#### EXERCISE BRIEF:
For the data below, transcribe the part that opens with the line containing "In proper school" and closes with the line containing "Whether beta hat", exactly and with no pictures.

#### SOURCE INFORMATION:

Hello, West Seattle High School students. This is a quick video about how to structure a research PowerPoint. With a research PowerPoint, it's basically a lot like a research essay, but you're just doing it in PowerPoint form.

--

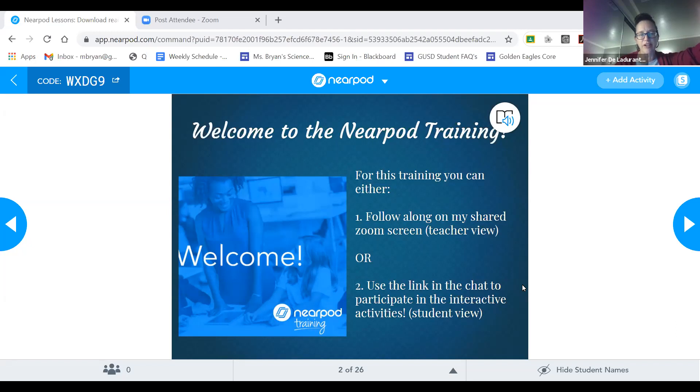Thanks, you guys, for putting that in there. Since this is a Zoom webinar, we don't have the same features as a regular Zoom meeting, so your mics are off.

---

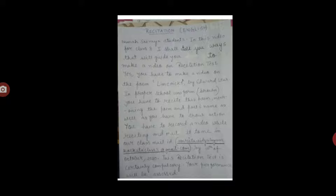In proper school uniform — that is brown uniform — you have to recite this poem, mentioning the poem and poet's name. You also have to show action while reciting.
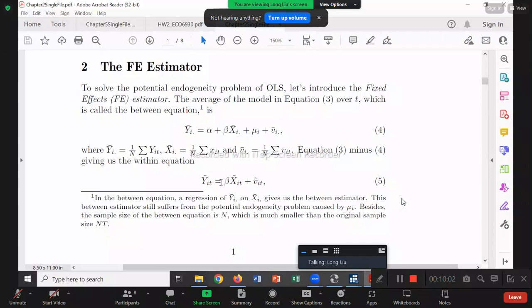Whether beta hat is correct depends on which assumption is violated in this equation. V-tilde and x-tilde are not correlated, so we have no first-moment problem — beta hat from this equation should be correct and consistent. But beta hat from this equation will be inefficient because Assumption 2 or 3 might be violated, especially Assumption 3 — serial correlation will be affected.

#### REPLY:
In proper school uniform — that is brown uniform — you have to recite this poem, mentioning the poem and poet's name. You also have to show action while reciting.
Whether beta hat is correct depends on which assumption is violated in this equation. V-tilde and x-tilde are not correlated, so we have no first-moment problem — beta hat from this equation should be correct and consistent. But beta hat from this equation will be inefficient because Assumption 2 or 3 might be violated, especially Assumption 3 — serial correlation will be affected.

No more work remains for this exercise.